Upon petition for review of the Board's order by the Union, the United States Court of Appeals for the District of Columbia Circuit agreed with the Board that the language of the no-strike provision and the collective bargaining agreement, standing alone, could be construed as a waiver of the right to engage in sympathy strikes. Electrical Workers IBEW Local Union 1395 v. NLRB, 797 F.2d 1027, 1036 (D.C.Cir.1986). The court found, however, that the Board, in holding that the language of the no-strike clause excluded sympathy strikes, had failed to give the parties' intent controlling weight. In warning that "the intent of the parties to collective bargaining agreements is not to be discerned by reference to 'abstract definitions unrelated to the context in which the parties bargained,' " the court cautioned that "The Board may not, in the guise of enforcing the 'plain meaning' of contractual language, erect an inflexible presumption on an issue turning on the parties' actual intent." Id. at 1036 (citation omitted). The court went on to state that to properly discern the parties' actual intent, the Board must look to whether that intent is established by the language of the clause itself, by inferences drawn from the contract as a whole, or by extrinsic evidence. The court observed that in the Board's three-page decision it had failed "to discuss relevant and perhaps dispositive evidence of the parties' intent," thereby apparently "assum[ing] the very point at issue, i.e., whether sympathy strikes fall within the [no-strike] clause's purview." Id. The court particularly noted the Board's failure to address the ALJ's factual finding that during contract negotiations "the parties had agreed to disagree over whether sympathy strikes were covered by the [no-strike] clause." "If accepted," the court stated, "this factual finding would be controlling: absent mutual consent on the issue, there could be no binding contractual commitment ... and a fortiori, no clear and unmistakable waiver of the right to honor picket lines." Accordingly, the court remanded the case to the Board for a determination of the parties' actual intent through an examination of extrinsic evidence, in particular, evidence of the parties' bargaining history.
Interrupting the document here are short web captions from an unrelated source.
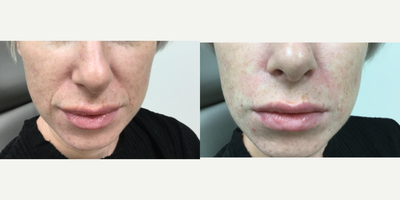 Dermal Fillers before and after photo
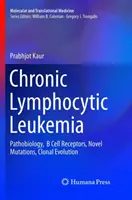 Chronische lymphatische Leukämie: Pathobiologie, B-Zell-Rezeptoren, neuartige Mutationen, klonale Entwicklung - Chronic Lymphocytic Leukemia: Pathobiology, B Cell Receptors, Novel Mutations, Clonal Evolution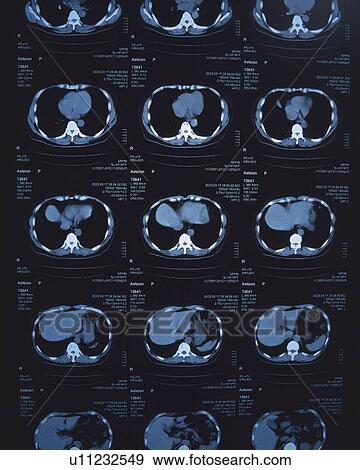 X-ray of a human stomach View Large Photo Image Stock Photo - X-ray of a human stomach. Fotosearch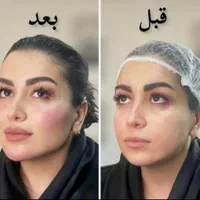 کلینیک تزریق ژل390لیفت بوتاکس لیزر جالپرو پروفایل|خدمات آرایشگری و زیبایی|تهران, صادقیه|دیوار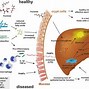 Image result for Fructose Malabsorption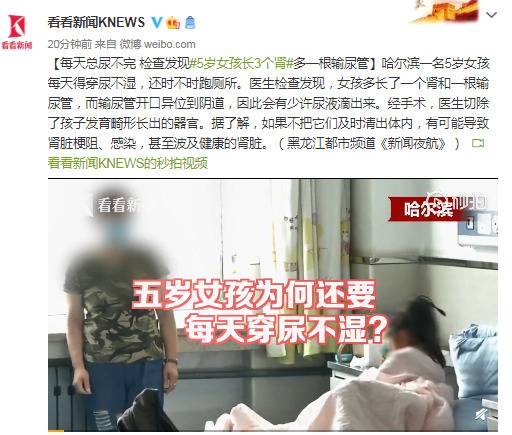 每天总尿不完 检查发现5岁女孩长3个肾多一根输尿管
In its supplemental decision on remand, the Board reaffirmed its conviction that a broad no-strike clause should properly be read to encompass sympathy strikes unless the contract as a whole or extrinsic evidence demonstrates otherwise. In light of the District of Columbia Circuit's interpretation of the Indianapolis Power rule, the Board also clarified the role to be played by extrinsic evidence: "In deciding the issue of whether sympathy strikes fall within a no-strike provision's scope, the parties' actual intent is to be given controlling weight and extrinsic evidence should be considered an integral part of the analysis." With these principles serving as its guide, the Board found, in agreement with the ALJ, that the extrinsic evidence established that the parties had "agreed to disagree" throughout negotiations over the collective bargaining agreement regarding whether sympathy strikes were covered by the no-strike clause. Based on this finding, the Board concluded that the Union had not clearly and unmistakably waived the right of company employees to engage in sympathy strikes and thus the right was not included within the scope of the broad no-strike clause. Accordingly, the Board found that the Company violated Sections 8(a)(1) and (3) of the Act by...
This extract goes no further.